* Work to be completed
Exact reproduction is required for the lines below starting at the line with "In step number" and ending at the line with "Welcome to the", both included. No other lines, and no pictures.

(Records from a collection)
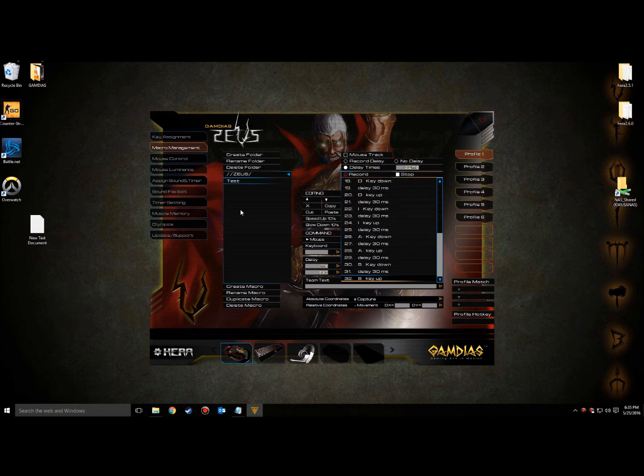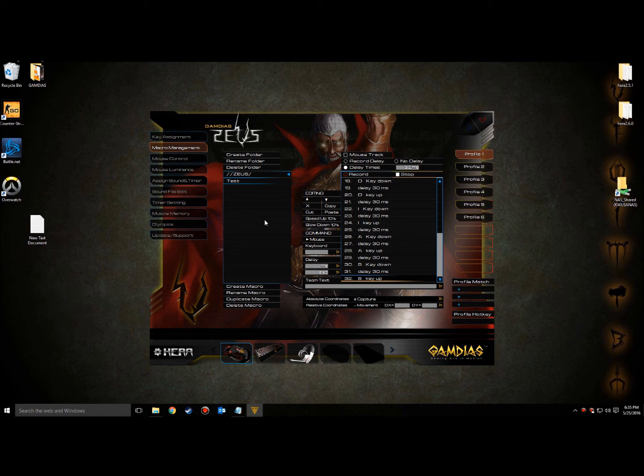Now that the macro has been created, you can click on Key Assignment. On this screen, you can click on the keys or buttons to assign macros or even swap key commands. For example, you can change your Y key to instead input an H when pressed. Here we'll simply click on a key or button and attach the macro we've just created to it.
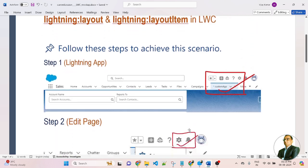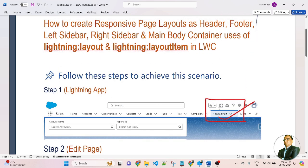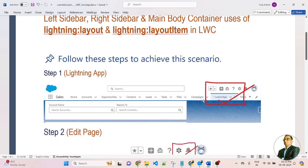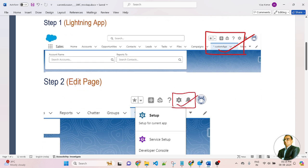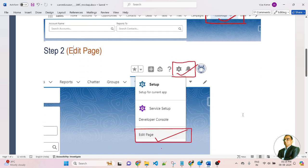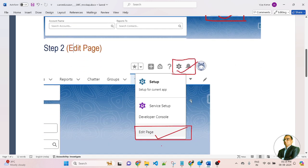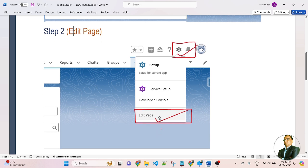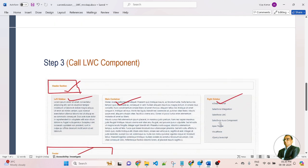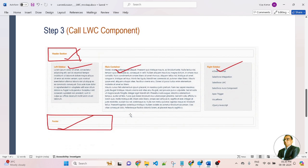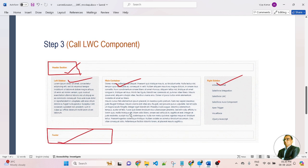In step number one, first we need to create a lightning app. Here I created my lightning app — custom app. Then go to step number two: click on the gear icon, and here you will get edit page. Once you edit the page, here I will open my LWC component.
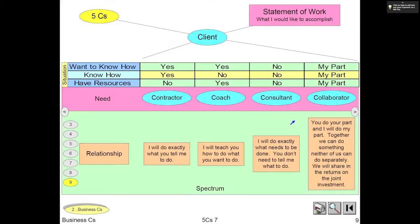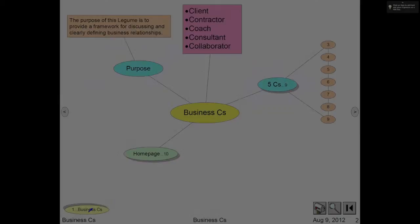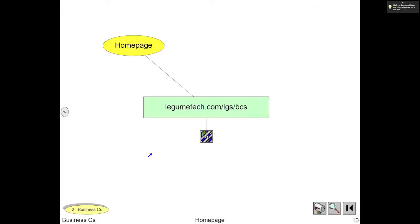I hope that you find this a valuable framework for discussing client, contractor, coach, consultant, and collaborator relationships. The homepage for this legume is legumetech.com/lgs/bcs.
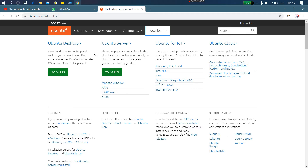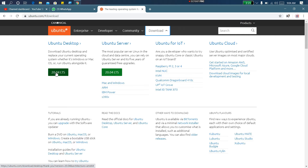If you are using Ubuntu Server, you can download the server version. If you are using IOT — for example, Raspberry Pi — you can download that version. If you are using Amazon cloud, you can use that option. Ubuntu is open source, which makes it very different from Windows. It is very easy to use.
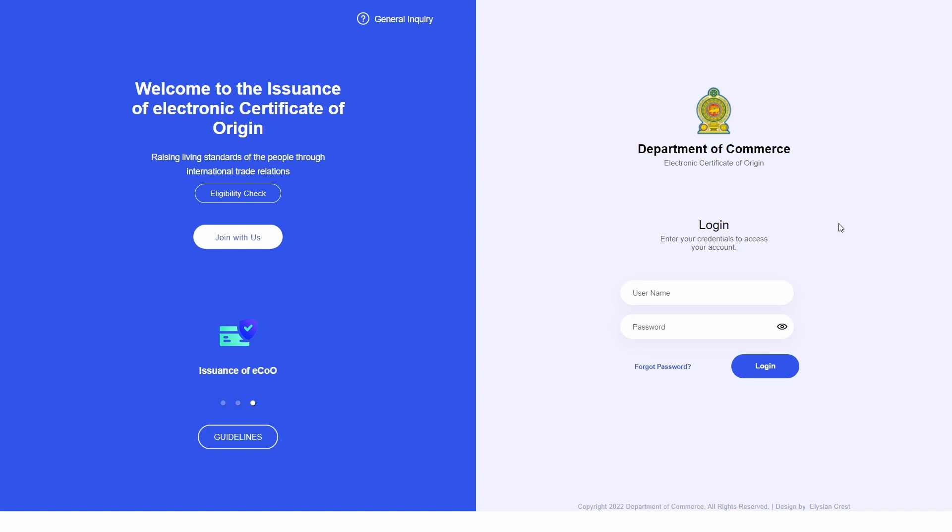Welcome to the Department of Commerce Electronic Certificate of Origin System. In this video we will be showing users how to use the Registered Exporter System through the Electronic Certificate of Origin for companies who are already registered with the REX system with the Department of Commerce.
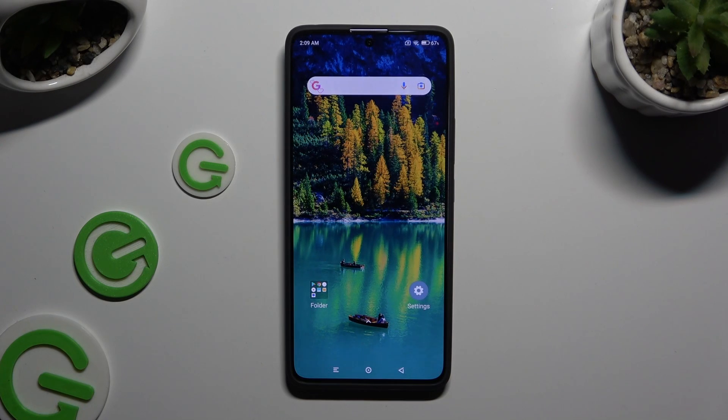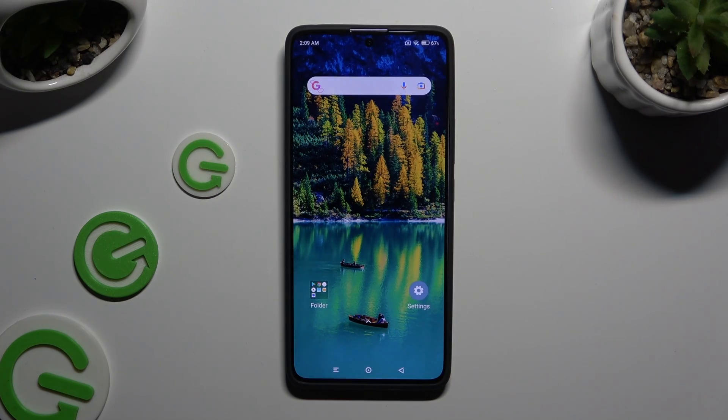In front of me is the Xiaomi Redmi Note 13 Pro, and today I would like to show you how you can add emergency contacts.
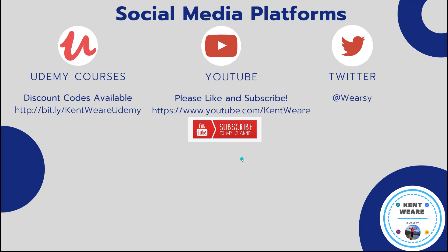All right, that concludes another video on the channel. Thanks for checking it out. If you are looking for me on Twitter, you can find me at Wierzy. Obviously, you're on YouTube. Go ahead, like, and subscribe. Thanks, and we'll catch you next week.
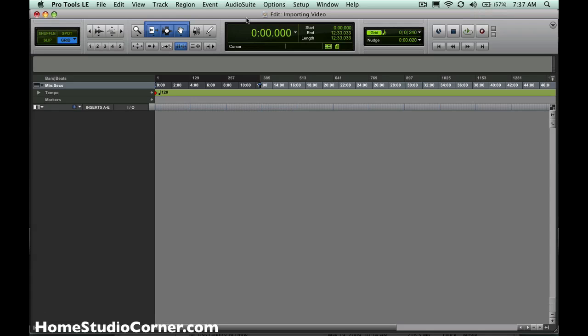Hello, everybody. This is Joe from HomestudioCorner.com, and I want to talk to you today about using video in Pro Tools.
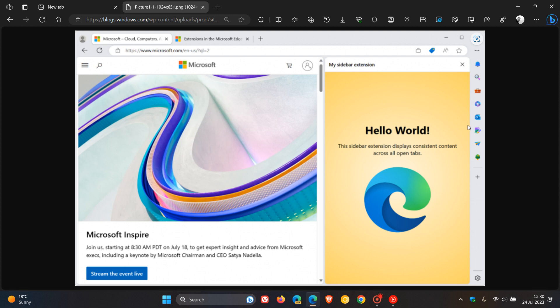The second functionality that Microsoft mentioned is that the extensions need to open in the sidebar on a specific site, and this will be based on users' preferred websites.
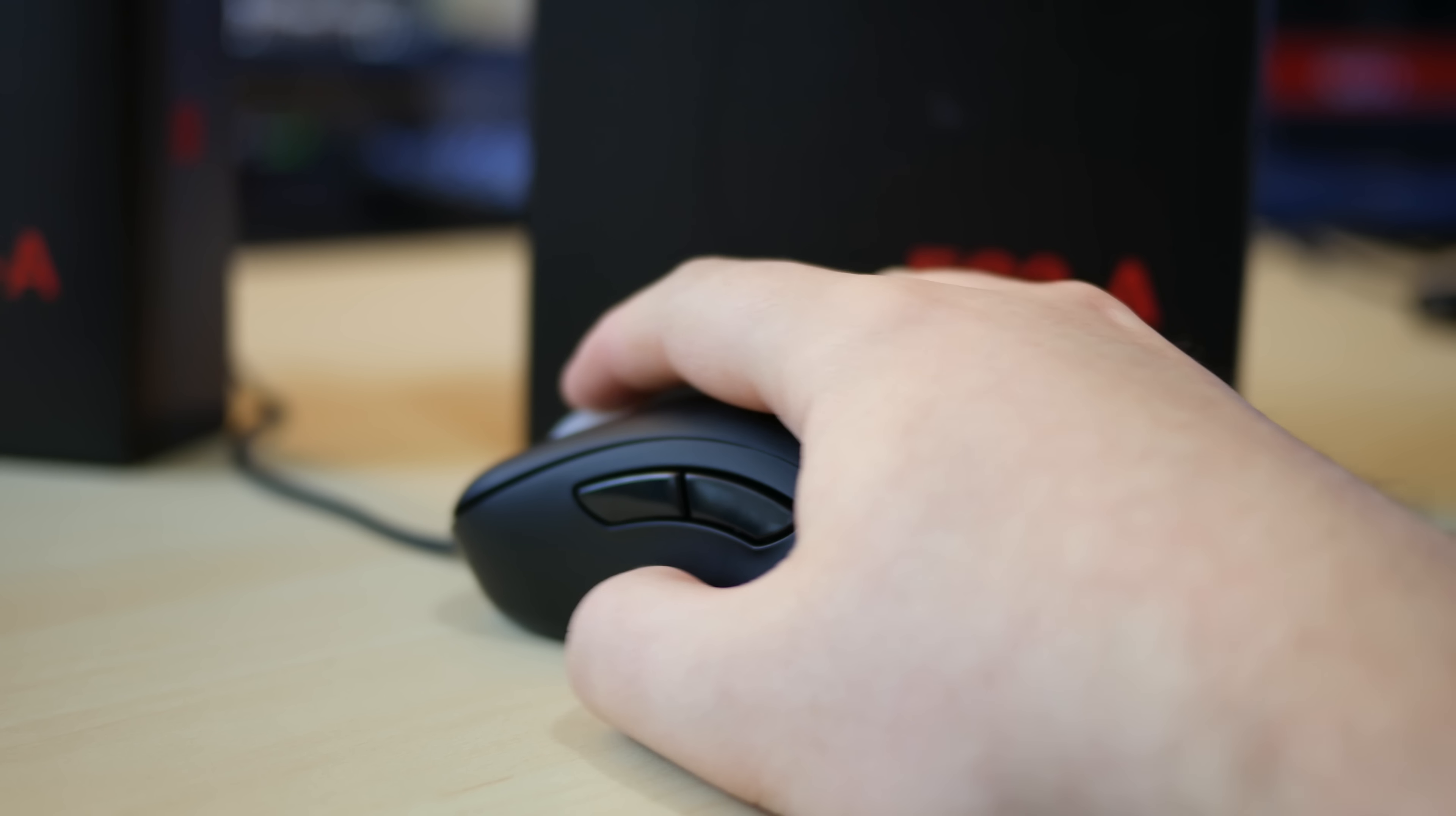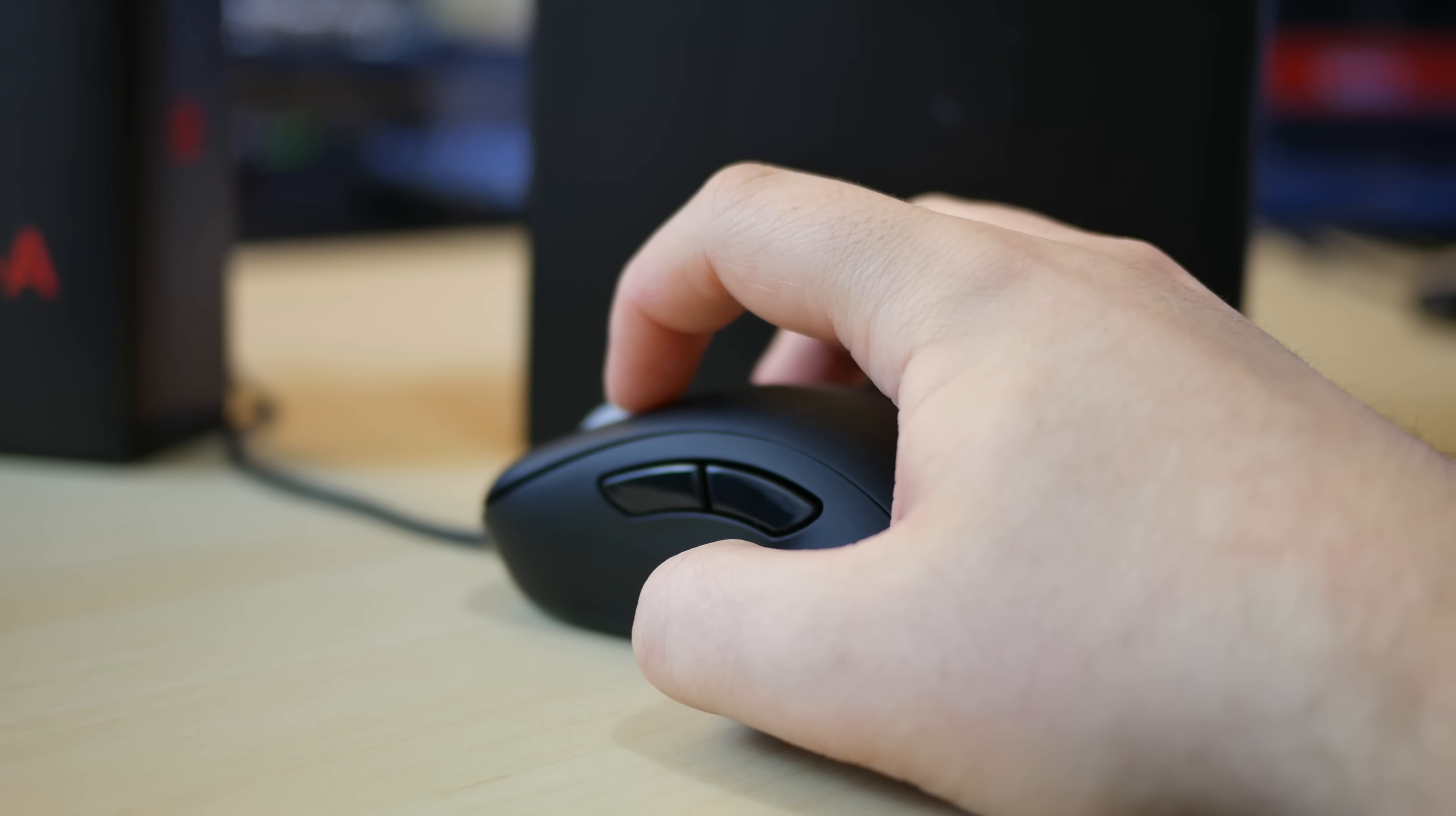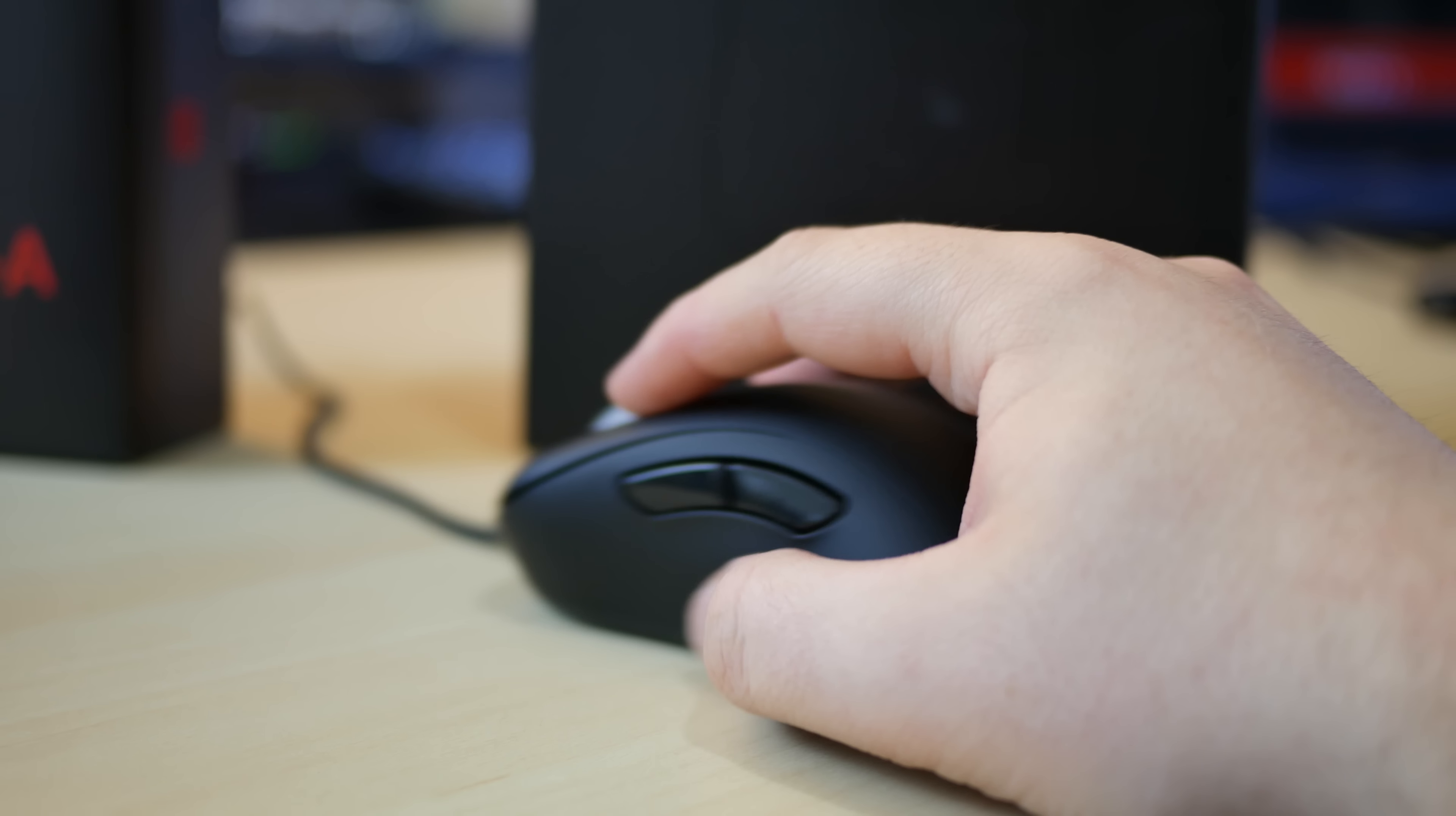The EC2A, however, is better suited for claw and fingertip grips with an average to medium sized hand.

* The completed task
In step number one, first we need to create a lightning app. Here I created my lightning app — custom app. Then go to step number two: click on the gear icon, and here you will get edit page. Once you edit the page, here I will open my LWC component.
I hope that you find this a valuable framework for discussing client, contractor, coach, consultant, and collaborator relationships. The homepage for this legume is legumetech.com/lgs/bcs.
If you are using Ubuntu Server, you can download the server version. If you are using IOT — for example, Raspberry Pi — you can download that version. If you are using Amazon cloud, you can use that option. Ubuntu is open source, which makes it very different from Windows. It is very easy to use.
Welcome to the Department of Commerce Electronic Certificate of Origin System. In this video we will be showing users how to use the Registered Exporter System through the Electronic Certificate of Origin for companies who are already registered with the REX system with the Department of Commerce.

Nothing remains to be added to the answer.